→ **ABOUT THIS TASK**
Set down the lines of the data exactly, starting at the first and stopping after the line containing "蛋仔派对笔袋男孩子2024新款小学生一年级大容量帆布铅笔盒学生用".

→ **DATA**
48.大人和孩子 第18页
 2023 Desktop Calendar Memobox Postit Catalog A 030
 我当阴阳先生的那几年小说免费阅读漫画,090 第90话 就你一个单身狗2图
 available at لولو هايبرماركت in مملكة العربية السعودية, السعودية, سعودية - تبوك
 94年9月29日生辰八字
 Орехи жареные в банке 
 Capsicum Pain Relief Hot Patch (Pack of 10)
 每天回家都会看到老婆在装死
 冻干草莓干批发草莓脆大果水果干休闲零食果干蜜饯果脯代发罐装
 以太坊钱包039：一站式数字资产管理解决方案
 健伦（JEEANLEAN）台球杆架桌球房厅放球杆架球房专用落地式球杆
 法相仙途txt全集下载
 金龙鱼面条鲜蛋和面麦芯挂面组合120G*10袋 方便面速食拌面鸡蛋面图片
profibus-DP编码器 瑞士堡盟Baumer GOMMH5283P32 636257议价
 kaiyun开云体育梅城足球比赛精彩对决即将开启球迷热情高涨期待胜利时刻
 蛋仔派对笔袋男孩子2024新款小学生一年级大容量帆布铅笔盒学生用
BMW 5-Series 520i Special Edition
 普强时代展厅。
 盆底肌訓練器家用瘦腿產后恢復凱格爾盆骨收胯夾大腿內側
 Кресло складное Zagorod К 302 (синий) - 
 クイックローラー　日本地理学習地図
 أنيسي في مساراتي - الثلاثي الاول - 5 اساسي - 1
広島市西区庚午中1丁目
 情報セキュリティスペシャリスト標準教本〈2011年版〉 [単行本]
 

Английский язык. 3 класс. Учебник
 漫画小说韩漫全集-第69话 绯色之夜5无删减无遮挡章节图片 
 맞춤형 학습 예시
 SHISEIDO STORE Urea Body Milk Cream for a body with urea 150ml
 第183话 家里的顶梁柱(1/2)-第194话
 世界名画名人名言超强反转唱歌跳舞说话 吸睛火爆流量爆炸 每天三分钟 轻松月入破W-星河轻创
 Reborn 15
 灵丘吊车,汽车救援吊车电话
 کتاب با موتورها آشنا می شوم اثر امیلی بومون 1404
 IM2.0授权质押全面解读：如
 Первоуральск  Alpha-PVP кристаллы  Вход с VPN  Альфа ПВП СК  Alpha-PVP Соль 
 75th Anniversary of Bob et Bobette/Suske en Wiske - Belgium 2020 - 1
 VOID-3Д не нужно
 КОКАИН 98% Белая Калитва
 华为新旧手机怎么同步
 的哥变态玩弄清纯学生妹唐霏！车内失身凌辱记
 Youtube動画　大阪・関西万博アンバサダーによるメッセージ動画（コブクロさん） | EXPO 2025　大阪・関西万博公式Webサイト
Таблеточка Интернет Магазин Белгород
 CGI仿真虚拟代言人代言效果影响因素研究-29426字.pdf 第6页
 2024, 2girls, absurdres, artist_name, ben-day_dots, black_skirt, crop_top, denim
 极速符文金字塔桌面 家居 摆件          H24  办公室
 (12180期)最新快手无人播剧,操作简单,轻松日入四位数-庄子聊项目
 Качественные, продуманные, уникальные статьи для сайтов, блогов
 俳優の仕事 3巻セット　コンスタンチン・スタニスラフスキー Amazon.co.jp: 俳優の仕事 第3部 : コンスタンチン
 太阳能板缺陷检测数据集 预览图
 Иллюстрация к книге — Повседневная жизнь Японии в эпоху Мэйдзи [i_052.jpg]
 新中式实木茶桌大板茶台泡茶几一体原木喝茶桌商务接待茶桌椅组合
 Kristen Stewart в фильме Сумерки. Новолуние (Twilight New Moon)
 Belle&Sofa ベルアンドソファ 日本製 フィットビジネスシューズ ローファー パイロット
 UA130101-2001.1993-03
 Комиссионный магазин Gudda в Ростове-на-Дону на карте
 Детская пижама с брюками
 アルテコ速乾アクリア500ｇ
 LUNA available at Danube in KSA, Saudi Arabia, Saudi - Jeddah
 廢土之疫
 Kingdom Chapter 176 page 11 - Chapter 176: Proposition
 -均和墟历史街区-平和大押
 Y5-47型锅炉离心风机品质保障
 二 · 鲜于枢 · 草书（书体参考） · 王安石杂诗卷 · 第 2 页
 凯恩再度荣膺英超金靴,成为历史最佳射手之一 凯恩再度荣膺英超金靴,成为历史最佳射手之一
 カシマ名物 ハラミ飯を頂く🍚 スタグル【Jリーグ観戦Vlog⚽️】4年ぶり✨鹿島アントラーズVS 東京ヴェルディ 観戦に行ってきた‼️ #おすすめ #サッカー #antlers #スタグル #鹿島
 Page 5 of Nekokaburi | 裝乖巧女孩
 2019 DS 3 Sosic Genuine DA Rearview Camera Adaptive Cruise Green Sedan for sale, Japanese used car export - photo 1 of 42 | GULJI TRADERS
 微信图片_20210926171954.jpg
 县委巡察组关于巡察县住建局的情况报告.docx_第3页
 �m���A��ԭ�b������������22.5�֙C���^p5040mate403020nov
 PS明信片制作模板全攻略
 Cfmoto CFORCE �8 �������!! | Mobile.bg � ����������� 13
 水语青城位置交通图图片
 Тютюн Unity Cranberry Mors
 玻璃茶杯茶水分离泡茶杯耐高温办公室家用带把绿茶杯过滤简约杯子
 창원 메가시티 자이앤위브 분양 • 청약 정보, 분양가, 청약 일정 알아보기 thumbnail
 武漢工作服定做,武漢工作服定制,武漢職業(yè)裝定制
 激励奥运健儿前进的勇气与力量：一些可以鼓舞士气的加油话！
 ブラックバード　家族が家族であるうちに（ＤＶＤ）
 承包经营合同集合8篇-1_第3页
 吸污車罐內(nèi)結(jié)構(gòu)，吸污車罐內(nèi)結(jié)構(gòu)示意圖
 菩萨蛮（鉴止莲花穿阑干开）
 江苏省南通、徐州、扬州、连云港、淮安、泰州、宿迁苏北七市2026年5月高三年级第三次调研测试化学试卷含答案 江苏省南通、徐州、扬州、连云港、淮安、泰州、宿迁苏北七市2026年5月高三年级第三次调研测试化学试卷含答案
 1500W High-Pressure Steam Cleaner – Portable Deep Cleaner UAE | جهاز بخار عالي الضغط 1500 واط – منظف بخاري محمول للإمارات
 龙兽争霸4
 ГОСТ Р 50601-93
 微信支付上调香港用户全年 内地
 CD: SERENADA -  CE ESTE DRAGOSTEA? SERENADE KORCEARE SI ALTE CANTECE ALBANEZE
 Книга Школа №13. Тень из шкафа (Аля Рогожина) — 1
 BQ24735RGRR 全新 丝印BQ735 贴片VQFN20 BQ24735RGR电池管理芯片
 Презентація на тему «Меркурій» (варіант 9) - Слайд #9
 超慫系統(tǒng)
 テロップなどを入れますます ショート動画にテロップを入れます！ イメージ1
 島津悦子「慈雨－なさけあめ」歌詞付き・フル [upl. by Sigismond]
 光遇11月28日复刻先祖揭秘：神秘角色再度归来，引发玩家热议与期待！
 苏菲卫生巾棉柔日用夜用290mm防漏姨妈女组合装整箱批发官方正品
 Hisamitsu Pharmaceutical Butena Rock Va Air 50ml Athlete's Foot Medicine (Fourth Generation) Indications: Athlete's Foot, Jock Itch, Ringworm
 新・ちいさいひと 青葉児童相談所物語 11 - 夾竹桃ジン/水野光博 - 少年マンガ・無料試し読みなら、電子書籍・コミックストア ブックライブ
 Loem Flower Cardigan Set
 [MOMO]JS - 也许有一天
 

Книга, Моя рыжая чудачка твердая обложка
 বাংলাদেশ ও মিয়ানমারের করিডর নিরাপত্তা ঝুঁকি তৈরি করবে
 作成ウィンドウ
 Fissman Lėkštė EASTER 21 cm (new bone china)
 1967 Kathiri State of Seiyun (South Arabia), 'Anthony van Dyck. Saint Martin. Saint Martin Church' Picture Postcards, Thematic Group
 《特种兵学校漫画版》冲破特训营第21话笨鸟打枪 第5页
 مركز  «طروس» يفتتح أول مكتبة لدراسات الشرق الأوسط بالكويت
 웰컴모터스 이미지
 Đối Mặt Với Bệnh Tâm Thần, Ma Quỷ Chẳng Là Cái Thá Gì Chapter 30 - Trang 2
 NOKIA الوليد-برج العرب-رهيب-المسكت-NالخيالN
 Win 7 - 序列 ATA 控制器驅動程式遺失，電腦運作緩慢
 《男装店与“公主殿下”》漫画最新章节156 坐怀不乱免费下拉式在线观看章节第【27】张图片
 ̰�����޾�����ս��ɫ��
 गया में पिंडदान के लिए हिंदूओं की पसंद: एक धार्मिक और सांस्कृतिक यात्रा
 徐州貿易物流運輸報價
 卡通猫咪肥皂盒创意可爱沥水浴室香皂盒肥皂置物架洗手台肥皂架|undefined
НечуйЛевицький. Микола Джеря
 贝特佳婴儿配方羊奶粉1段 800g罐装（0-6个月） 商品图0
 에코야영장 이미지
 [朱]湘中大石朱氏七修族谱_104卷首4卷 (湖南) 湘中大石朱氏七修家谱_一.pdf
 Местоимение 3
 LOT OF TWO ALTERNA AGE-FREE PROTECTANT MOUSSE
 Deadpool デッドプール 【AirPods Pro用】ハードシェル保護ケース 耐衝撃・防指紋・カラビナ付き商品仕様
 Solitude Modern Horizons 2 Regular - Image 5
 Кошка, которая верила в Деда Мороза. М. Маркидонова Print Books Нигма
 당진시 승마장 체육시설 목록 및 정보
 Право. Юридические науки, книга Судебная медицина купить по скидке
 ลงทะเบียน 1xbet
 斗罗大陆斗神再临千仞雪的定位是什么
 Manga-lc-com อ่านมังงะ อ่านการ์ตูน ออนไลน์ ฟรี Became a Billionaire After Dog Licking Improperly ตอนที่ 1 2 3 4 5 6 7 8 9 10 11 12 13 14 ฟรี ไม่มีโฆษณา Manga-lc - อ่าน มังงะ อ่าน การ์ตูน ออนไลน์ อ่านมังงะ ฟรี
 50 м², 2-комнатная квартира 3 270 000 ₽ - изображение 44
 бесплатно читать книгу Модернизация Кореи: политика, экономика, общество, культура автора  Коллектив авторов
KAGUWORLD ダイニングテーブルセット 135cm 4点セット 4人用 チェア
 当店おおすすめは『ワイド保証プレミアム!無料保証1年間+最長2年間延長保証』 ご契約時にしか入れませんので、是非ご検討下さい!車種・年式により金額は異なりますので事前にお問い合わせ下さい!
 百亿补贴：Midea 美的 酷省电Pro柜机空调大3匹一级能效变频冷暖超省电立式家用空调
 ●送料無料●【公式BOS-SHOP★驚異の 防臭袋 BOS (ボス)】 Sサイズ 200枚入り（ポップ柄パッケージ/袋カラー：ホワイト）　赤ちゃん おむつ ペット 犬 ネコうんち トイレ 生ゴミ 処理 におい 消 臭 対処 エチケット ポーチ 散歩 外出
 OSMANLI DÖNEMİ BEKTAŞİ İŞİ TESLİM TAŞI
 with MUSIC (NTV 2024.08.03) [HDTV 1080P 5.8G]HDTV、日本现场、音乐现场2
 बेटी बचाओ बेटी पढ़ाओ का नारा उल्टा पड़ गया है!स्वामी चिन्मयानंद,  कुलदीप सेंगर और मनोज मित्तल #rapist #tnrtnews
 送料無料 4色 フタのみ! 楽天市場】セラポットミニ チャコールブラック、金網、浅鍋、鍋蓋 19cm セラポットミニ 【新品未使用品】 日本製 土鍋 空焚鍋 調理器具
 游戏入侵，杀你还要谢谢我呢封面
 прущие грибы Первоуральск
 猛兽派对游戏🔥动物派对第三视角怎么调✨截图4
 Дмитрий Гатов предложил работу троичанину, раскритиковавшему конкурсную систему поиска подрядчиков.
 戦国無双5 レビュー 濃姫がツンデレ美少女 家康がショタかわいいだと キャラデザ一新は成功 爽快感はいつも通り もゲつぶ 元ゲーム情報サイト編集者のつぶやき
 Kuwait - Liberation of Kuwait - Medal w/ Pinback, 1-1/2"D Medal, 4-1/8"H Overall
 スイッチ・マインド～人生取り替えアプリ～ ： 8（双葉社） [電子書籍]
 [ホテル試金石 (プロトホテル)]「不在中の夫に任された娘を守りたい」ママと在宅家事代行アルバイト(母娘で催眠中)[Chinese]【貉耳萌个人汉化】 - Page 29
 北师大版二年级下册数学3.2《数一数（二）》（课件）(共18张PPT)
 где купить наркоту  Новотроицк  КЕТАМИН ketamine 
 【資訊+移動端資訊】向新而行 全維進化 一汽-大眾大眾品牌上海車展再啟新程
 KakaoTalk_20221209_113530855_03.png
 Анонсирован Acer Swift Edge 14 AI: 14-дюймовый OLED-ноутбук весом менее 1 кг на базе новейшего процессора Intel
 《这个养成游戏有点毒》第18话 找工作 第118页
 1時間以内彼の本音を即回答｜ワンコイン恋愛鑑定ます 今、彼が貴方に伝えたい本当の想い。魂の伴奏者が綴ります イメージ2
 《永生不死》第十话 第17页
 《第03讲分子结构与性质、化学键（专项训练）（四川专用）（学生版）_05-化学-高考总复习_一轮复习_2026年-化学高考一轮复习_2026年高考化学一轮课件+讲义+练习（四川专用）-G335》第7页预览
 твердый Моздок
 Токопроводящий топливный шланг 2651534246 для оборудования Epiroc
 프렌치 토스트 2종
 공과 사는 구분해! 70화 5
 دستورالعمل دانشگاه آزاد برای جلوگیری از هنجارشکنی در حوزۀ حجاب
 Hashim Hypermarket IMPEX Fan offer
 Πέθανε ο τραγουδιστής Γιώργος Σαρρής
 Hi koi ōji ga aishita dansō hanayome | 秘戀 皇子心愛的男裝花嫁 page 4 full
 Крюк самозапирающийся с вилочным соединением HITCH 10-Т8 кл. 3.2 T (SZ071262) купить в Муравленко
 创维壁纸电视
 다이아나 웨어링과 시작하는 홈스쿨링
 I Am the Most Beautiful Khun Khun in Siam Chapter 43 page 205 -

→ **EXERCISE SOLUTION**
48.大人和孩子 第18页
 2023 Desktop Calendar Memobox Postit Catalog A 030
 我当阴阳先生的那几年小说免费阅读漫画,090 第90话 就你一个单身狗2图
 available at لولو هايبرماركت in مملكة العربية السعودية, السعودية, سعودية - تبوك
 94年9月29日生辰八字
 Орехи жареные в банке 
 Capsicum Pain Relief Hot Patch (Pack of 10)
 每天回家都会看到老婆在装死
 冻干草莓干批发草莓脆大果水果干休闲零食果干蜜饯果脯代发罐装
 以太坊钱包039：一站式数字资产管理解决方案
 健伦（JEEANLEAN）台球杆架桌球房厅放球杆架球房专用落地式球杆
 法相仙途txt全集下载
 金龙鱼面条鲜蛋和面麦芯挂面组合120G*10袋 方便面速食拌面鸡蛋面图片
profibus-DP编码器 瑞士堡盟Baumer GOMMH5283P32 636257议价
 kaiyun开云体育梅城足球比赛精彩对决即将开启球迷热情高涨期待胜利时刻
 蛋仔派对笔袋男孩子2024新款小学生一年级大容量帆布铅笔盒学生用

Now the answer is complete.